Reading proficiency does not reflect the extent of an individual’s knowledge or capabilities. But the ability to read quickly, without mistakes analytically can open the doors to more opportunities in higher education and employment. With such high reading proficiency rates, the education system presents pathways to success that will boost these young students’ economic and social influence.
In the same study, researchers tested proficiency in mathematics, and similar to reading proficiency, Singapore soared high above the averages for the OECD nations. While the average of all the nations was 76%, 93% of Singaporean students reached level two.
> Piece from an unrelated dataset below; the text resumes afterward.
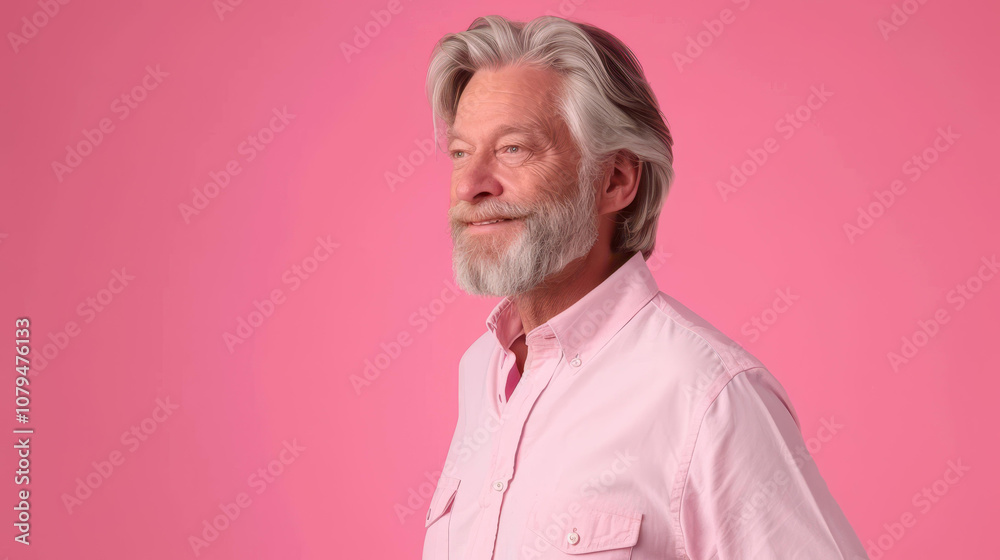 A stylish senior man in an elegant shirt, exuding confidence with a calm smile against a soft pink backdrop. A stylish senior man in an elegant shirt, exuding confidence with a calm smile against a soft pink backdrop.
The OECD average was 11% for level five or higher. Singapore more than tripled that rate at 37% of students scoring at least a five. With nearly all students achieving at least a two and over a third at least a five, education in Singapore prepares students in a relatively equitable method, as only 7% of students failed to reach the second level of proficiency.
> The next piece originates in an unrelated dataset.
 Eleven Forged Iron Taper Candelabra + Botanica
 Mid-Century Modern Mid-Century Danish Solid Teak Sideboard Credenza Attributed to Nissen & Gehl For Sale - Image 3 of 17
Science is the final category included in the comprehensive OECD study. Continuing the trend, approximately 91% of students in Singapore seized at least a level two proficiency, while the OECD average sat around 78%.
At triple the rate of the OECD average, 21% of Singaporean students reached at least a five in science. Though these numbers do not reflect the intellect or drive of students in any given country, these statistics reflect the educational system that supports their learning and development. In alignment with mathematics and reading, high rates of science proficiency in 15-year-old students are a result of robust educational institutions and strategic policymaking.
While these rates reflect OECD standards, Singapore performed significantly higher in each of the three educational categories than the averages of the many developed economies, such as the United States, United Kingdom, Germany, Japan, Turkey or South Korea. In this comparative data, measurable data reflects educational processes that maintain economic growth and increase individual economic value.
How can education in Singapore manage to produce such high standards? One aspect of eliminating poverty and sparking economic growth is educational opportunities for the overall population and universal education practices to meet particular criteria. Singapore created a centralized education structure with minimal variability between schools and regions, adhering to national policies. In its initial post-colonial era, Singapore introduced educational systems in the “one-size-fits-all” philosophy, according to a study published in the South African Journal of Education. However, by 1996, Singapore transitioned into schooling with multiple pathways, reducing dropout rates, improving quality and producing more technically skilled labor positions.
Singapore also introduced specialized schools to cater to specific aspects of education, such as schools for children with specific educational needs beyond the standard curriculum or faculty. In this development of specialized schooling, the process became more individual. The purpose of education became more ability-driven, nurturing one’s specific talents and inclinations. Systemically, Singapore’s Ministry of Education has a mainstream system, Global Provider System, Special Education System and Special Schools, according to the same study. Each of these facets of their educational institutions caters to the development of the individual.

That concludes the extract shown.